Lettercutter
The Cardozo Kindersley Workshop, Cambridge
You treat them as one piece, because they are. The tempo of the lettering has to hold them together so they read as part of a single thought.
Emily is the working letterer at the Cardozo Kindersley Workshop. She has been at the workshop for eight years, which makes her - after Lida and Roxanne themselves - the most experienced cutter in the room. The Storm and the Calm After the Storm memorial pillar that anchors the journal entry of our visit is hers; the chisel on the wave detail is hers; the half-second of laughter when she looked up from the stone is hers.
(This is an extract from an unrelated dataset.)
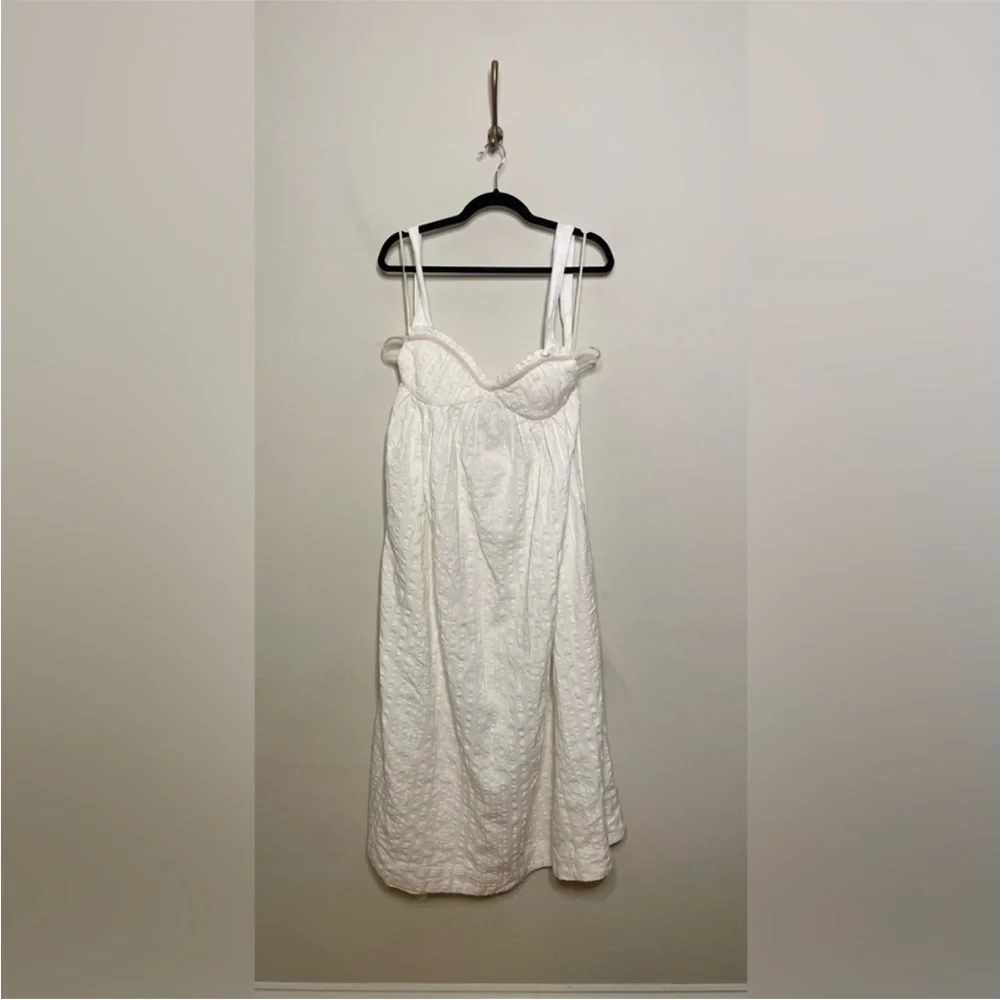 Free People x free-est Poppy Midi Dress in Coconut Milk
Her training was inside the workshop, alongside Lida and Roxanne. She is the contemporary illustration of how the Cardozo Kindersley line continues. The apprentice who walked in off the street the morning we visited will, if everything goes the way it has gone for Emily, still be at the workshop in 2034 - cutting the commissions Roxanne has approved, working at the bench Emily was working at on this particular Wednesday in April.
The bench Emily was working at sits in the back room of the workshop, against the brick wall, with a vertical wooden easel for tall pieces and a horizontal trestle for flat work. The light comes from the high windows on the workshop’s back wall and from a skylight above. The Cardozo Kindersley working bench has not materially changed in the sixty years since David first set the workshop up. The tools at hand - chisels in a leather roll, a wooden mallet, the dummy, pencils sharpened in the workshop’s own way, the soft brush for clearing the cut - are the tools English letter-cutters have used for as long as English letters have been cut.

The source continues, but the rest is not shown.